Recorded data START
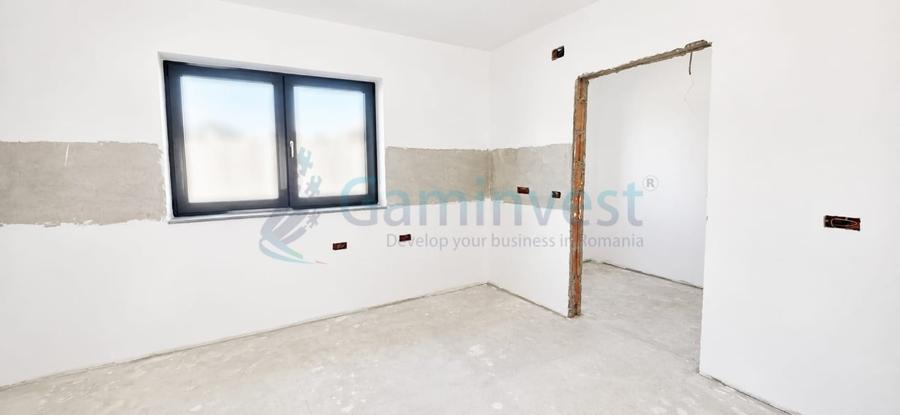Casă individuală cu 4 camere cu Teren 502 Mp în Sântandrei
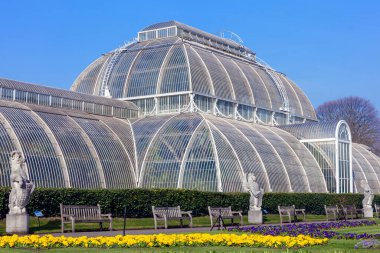 İngiltere 'nin Kew Gardens kentindeki Büyük Palm House 1844' te inşa edilen Viktorya dönemi serası turizm turizminin gözde bir beldesidir.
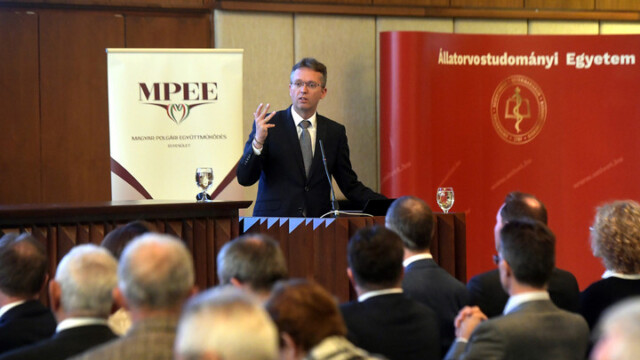 Budapest, 2024. november 4.
Hankó Balázs kultúráért és innovációért felelős miniszter beszél a Magyar egyetemek a nemzetközi rangsorokban - hol tartunk? címmel, a felsőoktatási modellváltás múltjáról, jelenéről és jövőjéről tartott tanácskozáson az Állatorvostudományi Egyetemen 2024. november 4-én.
MTI/Soós Lajos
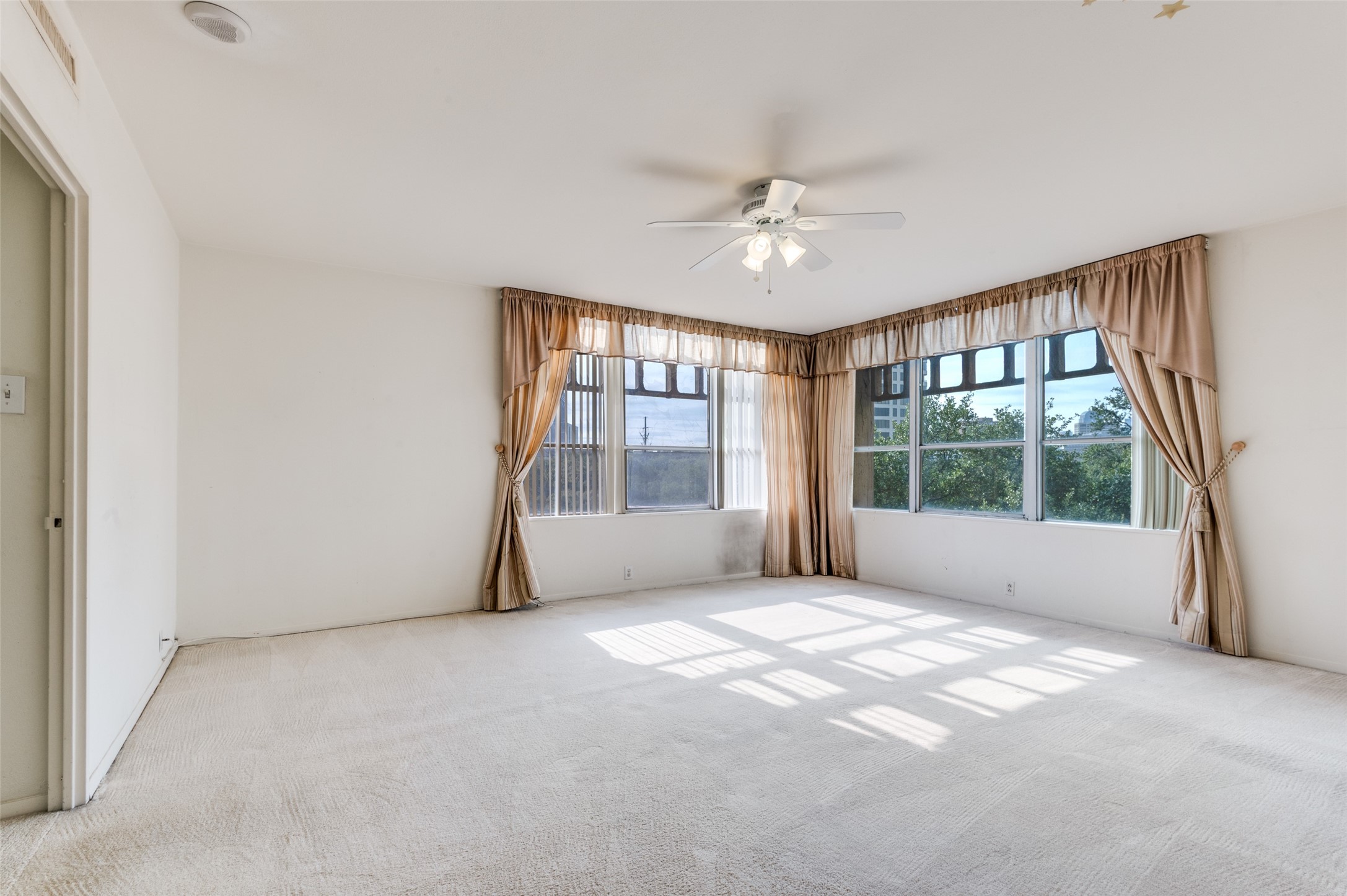 3525 Turtle Creek Boulevard 4A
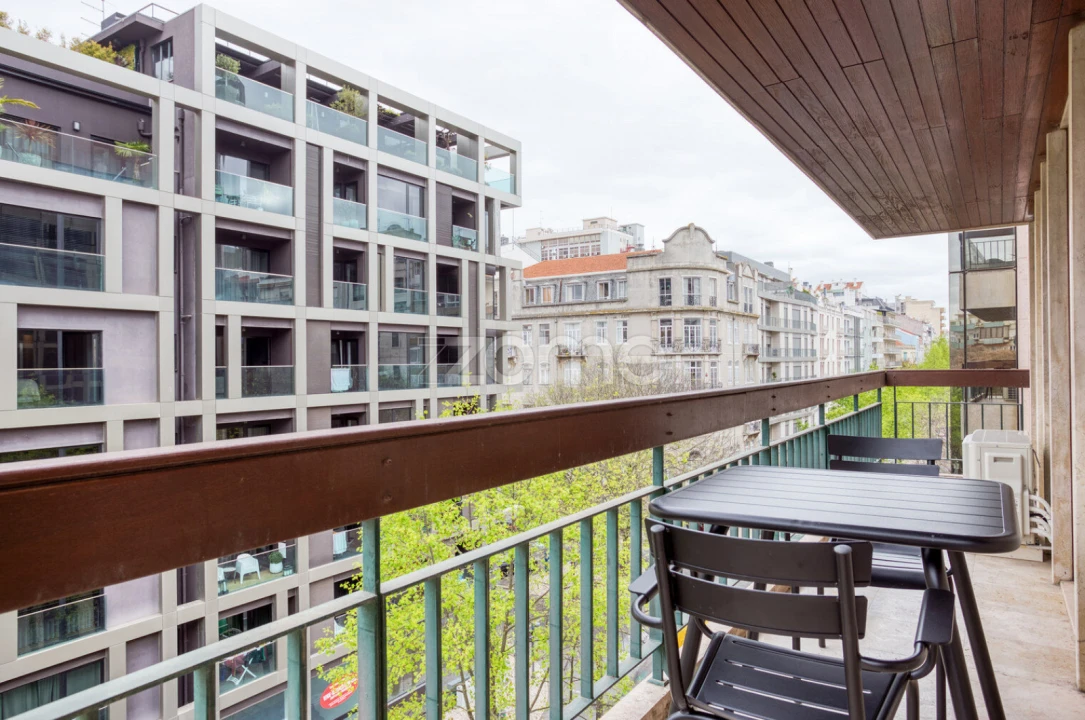 Apartamento T3 para Venda em Avenidas Novas Foto 1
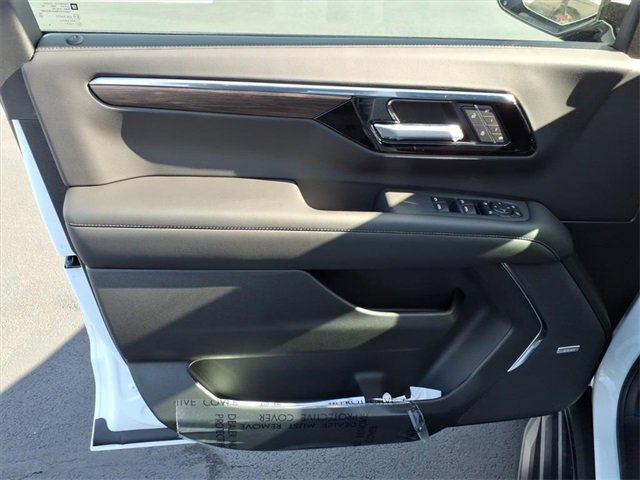 New 2026 Chevrolet Suburban LT w/ Comfort Package image 9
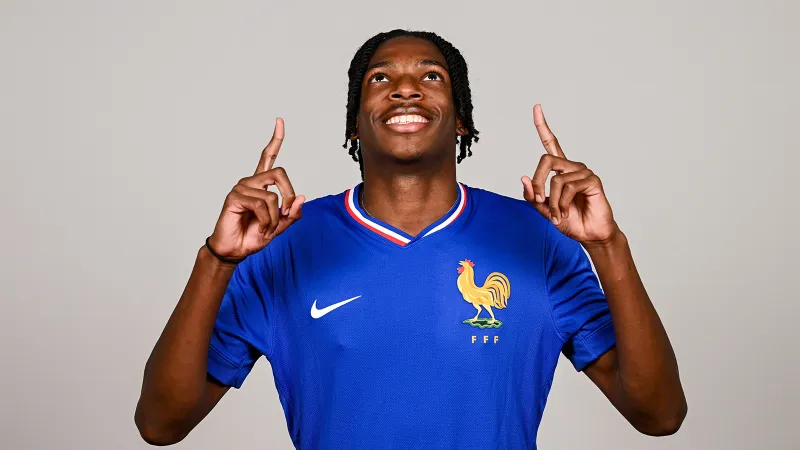 "Liverpul" 72 milyon avroya müdafiəçi aldı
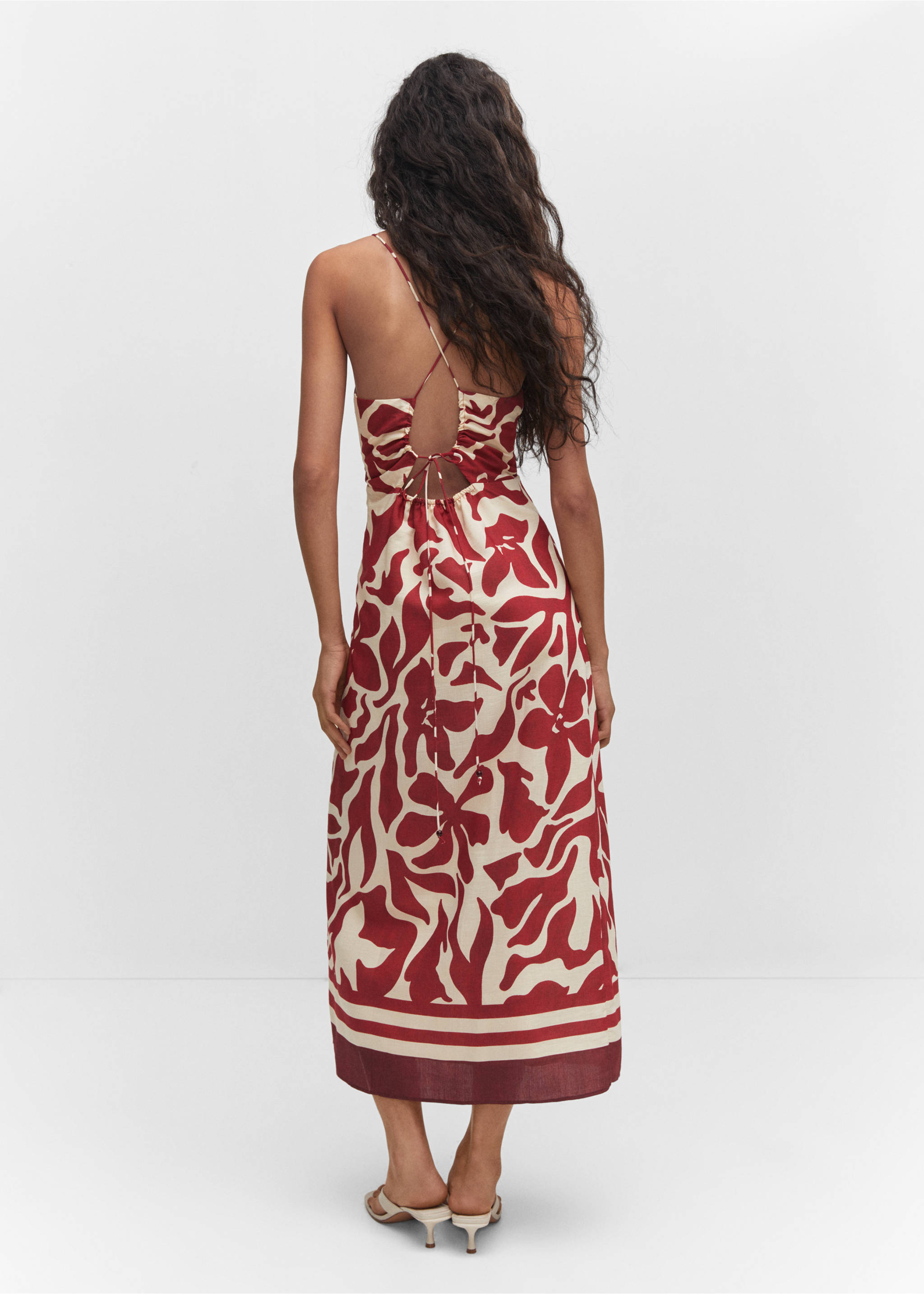 Crossed-back printed dress - Reverse of the article, Maroon. Ref: 57035789-00.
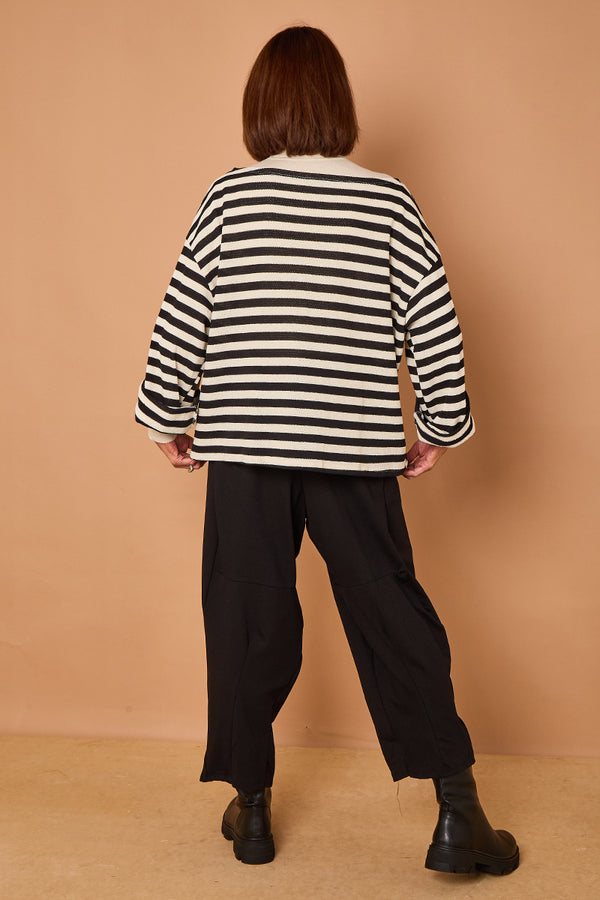 Marlo top in black and beige
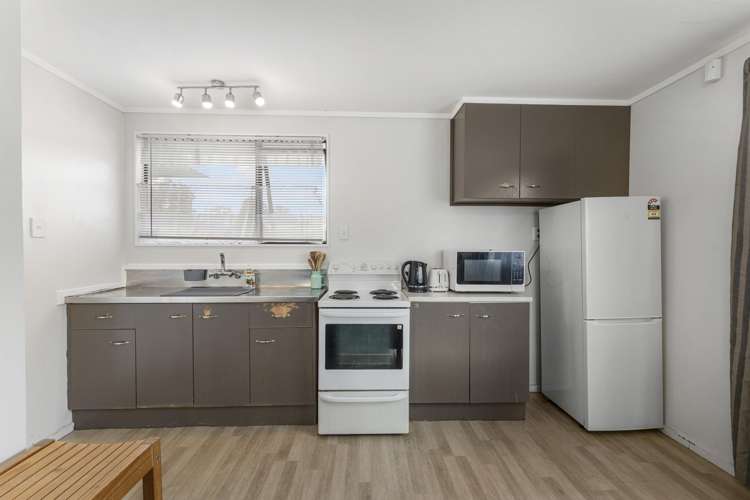 1/55 Redcrest Avenue Red Hill_2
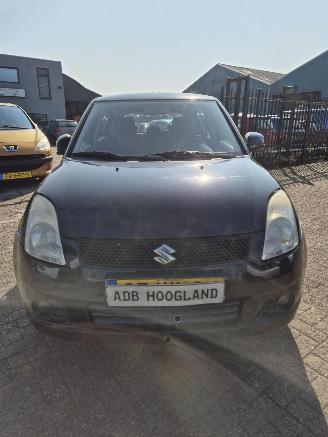 Uttjänta bilar auto Suzuki Swift (ZA/ZC/ZD1/2/3/9) Hatchback 1.3 VVT 16V (M13A VVT) [68kW] 2007/1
Recorded data END
### Problem to work on
Every word of the material above should be copied exactly; no pictures.

### Response area
Casă individuală cu 4 camere cu Teren 502 Mp în Sântandrei
 İngiltere 'nin Kew Gardens kentindeki Büyük Palm House 1844' te inşa edilen Viktorya dönemi serası turizm turizminin gözde bir beldesidir.
 Budapest, 2024. november 4.
Hankó Balázs kultúráért és innovációért felelős miniszter beszél a Magyar egyetemek a nemzetközi rangsorokban - hol tartunk? címmel, a felsőoktatási modellváltás múltjáról, jelenéről és jövőjéről tartott tanácskozáson az Állatorvostudományi Egyetemen 2024. november 4-én.
MTI/Soós Lajos
 3525 Turtle Creek Boulevard 4A
 Apartamento T3 para Venda em Avenidas Novas Foto 1
 New 2026 Chevrolet Suburban LT w/ Comfort Package image 9
 "Liverpul" 72 milyon avroya müdafiəçi aldı
 Crossed-back printed dress - Reverse of the article, Maroon. Ref: 57035789-00.
 Marlo top in black and beige
 1/55 Redcrest Avenue Red Hill_2
 Uttjänta bilar auto Suzuki Swift (ZA/ZC/ZD1/2/3/9) Hatchback 1.3 VVT 16V (M13A VVT) [68kW] 2007/1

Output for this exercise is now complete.